Foursquare has evolved from a game of check-ins to a search and discovery service. Its Explore search engine is becoming one of the startup's most compelling assets, powered by the social and location data its users feed the app. And, as Fast Company outlined in our extensive profile of the company's cofounder and CEO Dennis Crowley, it could represent Foursquare's future.
Today, with a little help from Microsoft, Foursquare unveiled what its next generation of products could look like. Its new app for Windows 8, the elegant (though oft-maligned) operating system Redmond designed for laptops and tablets, shows how the Foursquare experience could extend beyond smartphones and other mobile devices. The service is centered around search and discovery, helping users find restaurants and bars. But the app's most significant feature is perhaps what isn't there: Foursquare's activity feed, long a staple of the social service, has been removed. "This was a very conscious product decision—we wanted to put the attention on finding great places," says David Ban, Foursquare's mobile business development lead. "It's indicative of the latest thinking of the company—of what our strengths are and what we want to present to the user."
Foursquare's Windows 8 app is a highly visual experience. The platform's tiled design is perfectly geared toward Foursquare, which prides itself on bite-size nuggets of data: check-ins, tips, lists, and so forth. When users open the app, Foursquare populates the screen with images of nearby venues—recommendations that show what's trending or recently opened. Users can search for coffee shops or dive bars, and see basic information such as ratings, hours, and tips.
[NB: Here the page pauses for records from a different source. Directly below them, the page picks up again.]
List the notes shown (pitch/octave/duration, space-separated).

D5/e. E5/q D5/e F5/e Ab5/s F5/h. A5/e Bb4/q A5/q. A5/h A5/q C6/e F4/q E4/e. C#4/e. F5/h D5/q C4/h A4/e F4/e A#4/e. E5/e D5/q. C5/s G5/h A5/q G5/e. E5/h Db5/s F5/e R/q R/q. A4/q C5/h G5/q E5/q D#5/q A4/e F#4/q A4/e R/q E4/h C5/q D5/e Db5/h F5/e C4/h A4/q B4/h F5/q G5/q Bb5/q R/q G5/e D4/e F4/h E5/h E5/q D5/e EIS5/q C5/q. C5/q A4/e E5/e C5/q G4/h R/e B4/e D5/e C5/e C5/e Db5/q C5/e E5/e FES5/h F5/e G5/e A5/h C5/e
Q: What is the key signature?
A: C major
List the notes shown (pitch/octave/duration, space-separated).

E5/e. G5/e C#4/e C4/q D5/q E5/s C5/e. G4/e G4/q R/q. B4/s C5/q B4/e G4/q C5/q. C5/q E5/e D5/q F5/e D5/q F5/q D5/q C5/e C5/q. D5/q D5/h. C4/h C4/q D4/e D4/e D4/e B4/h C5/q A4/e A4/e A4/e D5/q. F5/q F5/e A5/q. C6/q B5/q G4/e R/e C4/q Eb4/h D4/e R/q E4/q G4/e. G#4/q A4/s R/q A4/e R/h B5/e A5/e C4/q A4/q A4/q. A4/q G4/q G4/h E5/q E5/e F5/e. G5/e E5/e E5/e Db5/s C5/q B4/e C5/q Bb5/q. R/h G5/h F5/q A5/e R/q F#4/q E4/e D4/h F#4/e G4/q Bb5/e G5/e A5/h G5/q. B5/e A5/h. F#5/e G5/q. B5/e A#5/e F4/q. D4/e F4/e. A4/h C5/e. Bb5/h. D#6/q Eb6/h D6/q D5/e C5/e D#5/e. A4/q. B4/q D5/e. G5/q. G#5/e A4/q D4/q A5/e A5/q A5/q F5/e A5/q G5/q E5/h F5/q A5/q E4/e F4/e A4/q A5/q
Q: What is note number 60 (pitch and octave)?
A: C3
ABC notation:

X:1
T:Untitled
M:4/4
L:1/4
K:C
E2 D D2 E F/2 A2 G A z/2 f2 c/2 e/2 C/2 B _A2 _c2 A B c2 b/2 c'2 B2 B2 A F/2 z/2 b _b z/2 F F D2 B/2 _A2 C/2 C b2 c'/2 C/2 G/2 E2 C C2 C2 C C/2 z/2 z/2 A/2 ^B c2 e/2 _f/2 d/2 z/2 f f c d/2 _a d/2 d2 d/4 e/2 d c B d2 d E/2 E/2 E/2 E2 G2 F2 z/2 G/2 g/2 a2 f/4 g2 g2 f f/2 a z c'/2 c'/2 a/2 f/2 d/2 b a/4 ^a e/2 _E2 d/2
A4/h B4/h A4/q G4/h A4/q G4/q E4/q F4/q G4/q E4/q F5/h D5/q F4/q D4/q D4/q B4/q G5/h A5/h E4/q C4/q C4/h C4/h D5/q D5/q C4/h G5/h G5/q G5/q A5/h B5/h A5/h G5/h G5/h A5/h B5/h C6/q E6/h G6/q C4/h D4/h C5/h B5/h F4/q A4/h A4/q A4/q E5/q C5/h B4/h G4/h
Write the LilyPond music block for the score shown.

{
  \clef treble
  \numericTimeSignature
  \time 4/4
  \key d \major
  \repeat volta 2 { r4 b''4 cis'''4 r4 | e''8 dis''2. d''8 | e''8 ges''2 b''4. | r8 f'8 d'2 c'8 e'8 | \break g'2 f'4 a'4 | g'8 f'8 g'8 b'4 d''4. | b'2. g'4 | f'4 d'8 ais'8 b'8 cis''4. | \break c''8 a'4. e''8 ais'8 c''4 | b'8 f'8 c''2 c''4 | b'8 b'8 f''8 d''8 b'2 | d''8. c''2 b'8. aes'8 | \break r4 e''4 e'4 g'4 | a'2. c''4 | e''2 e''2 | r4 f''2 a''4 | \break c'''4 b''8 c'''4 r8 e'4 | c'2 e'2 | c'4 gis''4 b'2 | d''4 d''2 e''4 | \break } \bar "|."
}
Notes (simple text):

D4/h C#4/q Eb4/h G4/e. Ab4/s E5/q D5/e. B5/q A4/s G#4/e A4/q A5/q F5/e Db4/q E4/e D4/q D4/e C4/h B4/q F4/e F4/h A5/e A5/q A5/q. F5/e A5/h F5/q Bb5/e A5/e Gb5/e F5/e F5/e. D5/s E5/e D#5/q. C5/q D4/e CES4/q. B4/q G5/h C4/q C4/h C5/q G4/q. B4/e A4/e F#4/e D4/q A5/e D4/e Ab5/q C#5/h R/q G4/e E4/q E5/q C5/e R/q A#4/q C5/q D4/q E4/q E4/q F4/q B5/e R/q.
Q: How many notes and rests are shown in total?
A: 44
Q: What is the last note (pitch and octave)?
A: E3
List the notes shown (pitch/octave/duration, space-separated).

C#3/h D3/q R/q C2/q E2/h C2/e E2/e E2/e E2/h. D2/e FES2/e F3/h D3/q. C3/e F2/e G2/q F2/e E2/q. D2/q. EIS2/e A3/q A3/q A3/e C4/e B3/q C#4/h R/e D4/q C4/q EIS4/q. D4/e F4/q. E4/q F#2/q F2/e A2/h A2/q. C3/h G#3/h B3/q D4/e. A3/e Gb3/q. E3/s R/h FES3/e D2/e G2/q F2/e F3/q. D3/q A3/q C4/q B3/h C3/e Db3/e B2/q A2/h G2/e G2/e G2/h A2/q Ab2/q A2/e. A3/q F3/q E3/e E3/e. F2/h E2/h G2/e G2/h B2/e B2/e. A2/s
Venue photographs appear in a beautiful grid, a collage of dishes and cocktails that make for a good visual representation of what you're searching for. "It's very different than what you've seen from the native Foursquare experience," says Ban.
The app is a significant departure from the traditional social Foursquare experience. The company has long been distancing itself from check-ins and badges, but this is a new leap forward. Users can check in, but it's a secondary use case. The primary function of the service is search; social is a back-end layer. "All the social aspects that Foursquare is known for—they're baked into powering the recommendations," says Ban, who adds that the missing activity feed "is really only one small component [of Foursquare]. It's a matter of simplifying it to the essence of what's going to help people find places the quickest."
The company made a similar shift last year, when it redesigned its smartphone apps to bring search to the forefront. While the activity feed still exists there, it remains beneath the search box. The rejiggered hierarchy helped double search usage in months. The company also refreshed its web listings to make them more accessible to users searching for venues. Foursquare soon saw its referral traffic from Google skyrocket.
The question now is whether this focus on search and discovery—not as a complement but a replacement to the traditional social feed—will spread to the company's other apps.
"It's been something we've been kicking around here for a while: What does an Explore-focused version of Foursquare look like? And is that something that we might want to double down on across a whole bunch of different platforms?" Dennis Crowley says. "It's an interesting, alternative style of the Foursquare experience—and something we may want to consider."